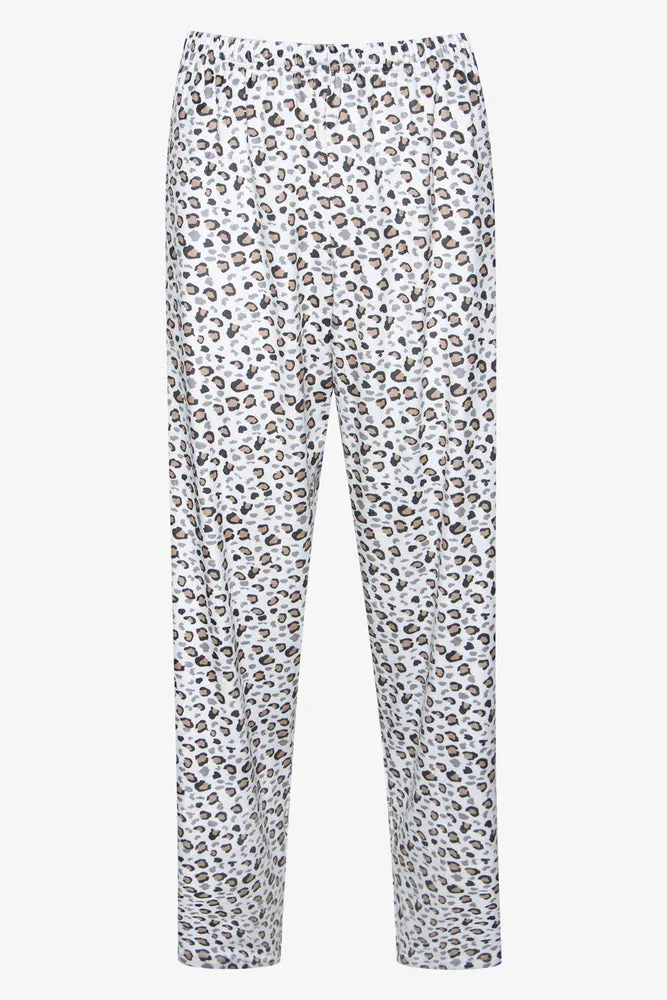 Leopard Pyjamas White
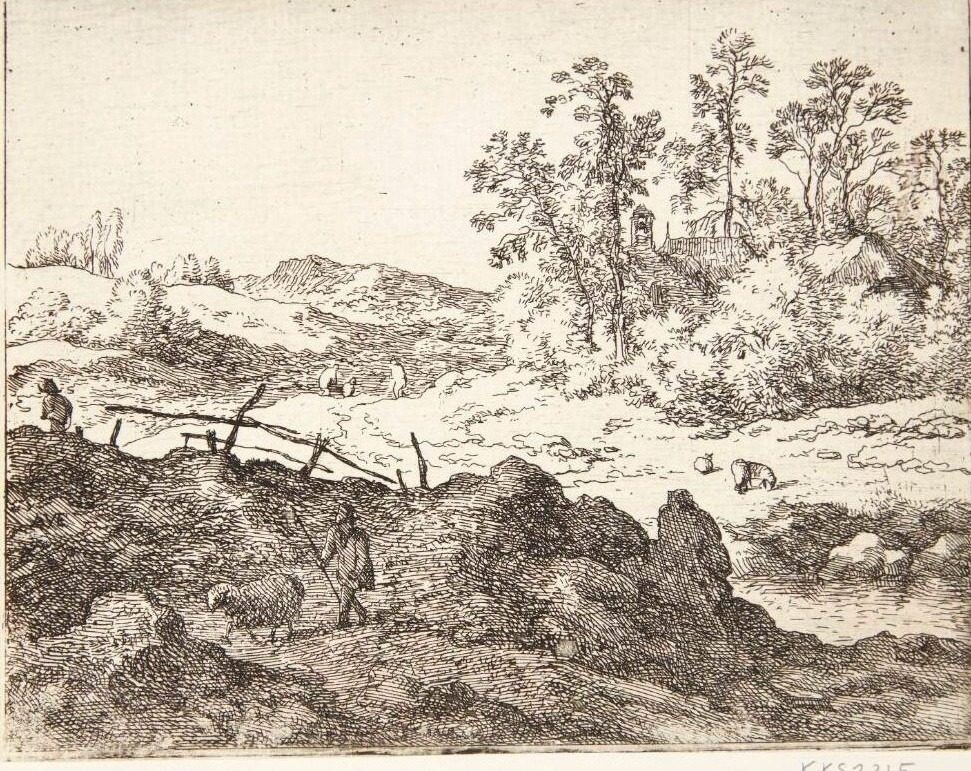 En hyrde og et lam by Allaert van Everdingen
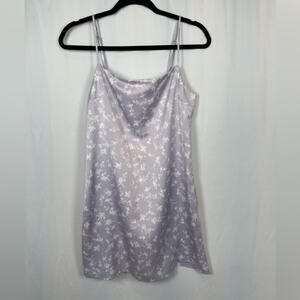 Garage Purple Floral Straight Bodycon Mini Dress Size Medium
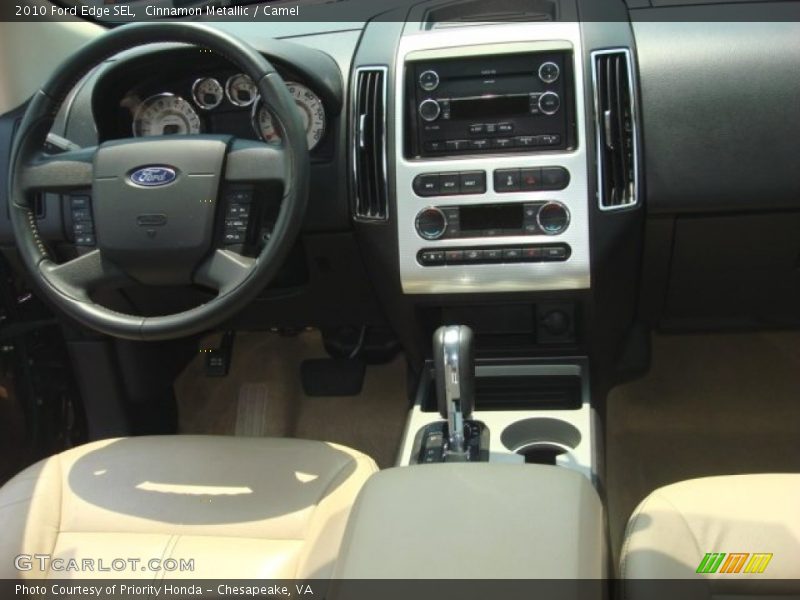 Cinnamon Metallic / Camel 2010 Ford Edge SEL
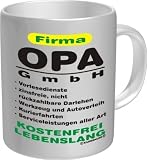 Produkt-Bild: Rahmenlos&reg; Kaffeebecher - Firma Opa GmbH - Fun Tasse Vatertag Vater
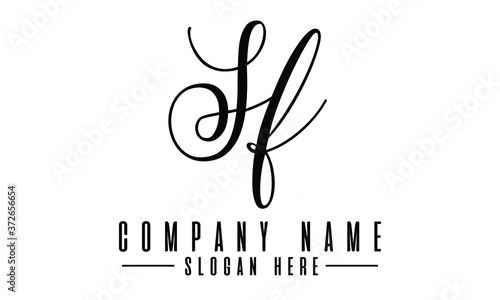 SF Initial Logo. Letter template Design Vector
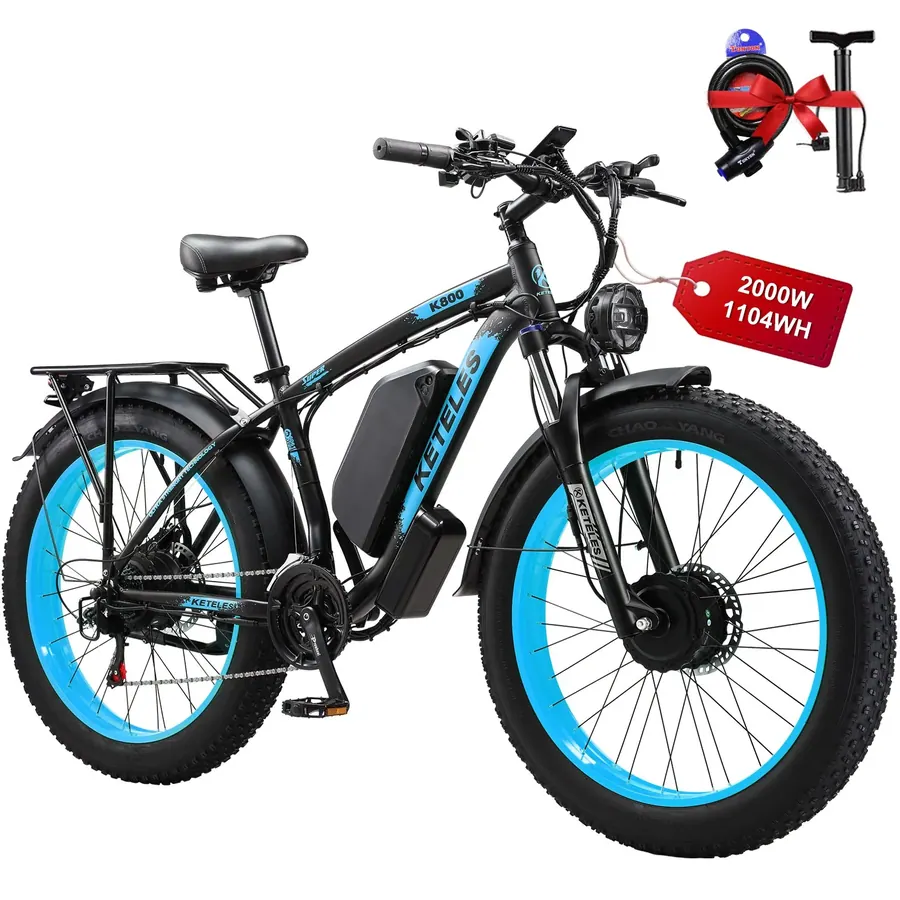 Электровелосипед K800 Dual Motor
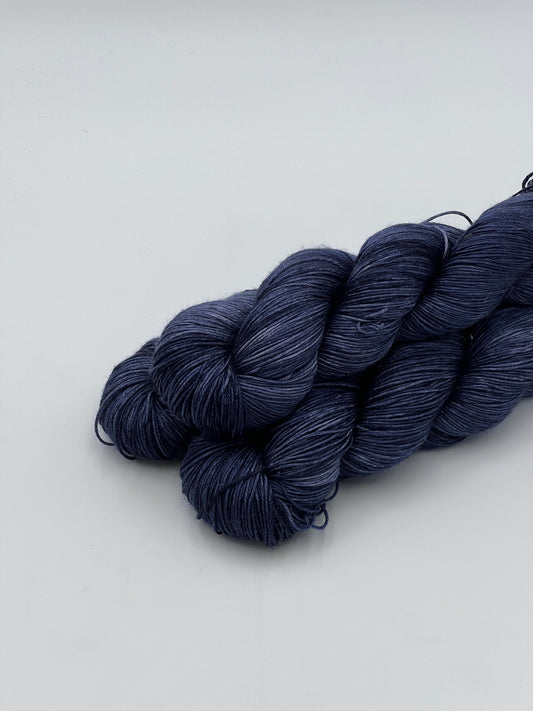 Unik Garn Pure Silk - Midnatsblå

• [Goal of the exercise]: From the records given above, reproduce all text exactly and exclude each picture.

• [Exercise response]:
 Leopard Pyjamas White
 En hyrde og et lam by Allaert van Everdingen
 Garage Purple Floral Straight Bodycon Mini Dress Size Medium
 Cinnamon Metallic / Camel 2010 Ford Edge SEL
 Produkt-Bild: Rahmenlos&reg; Kaffeebecher - Firma Opa GmbH - Fun Tasse Vatertag Vater
 SF Initial Logo. Letter template Design Vector
 Электровелосипед K800 Dual Motor
 Unik Garn Pure Silk - Midnatsblå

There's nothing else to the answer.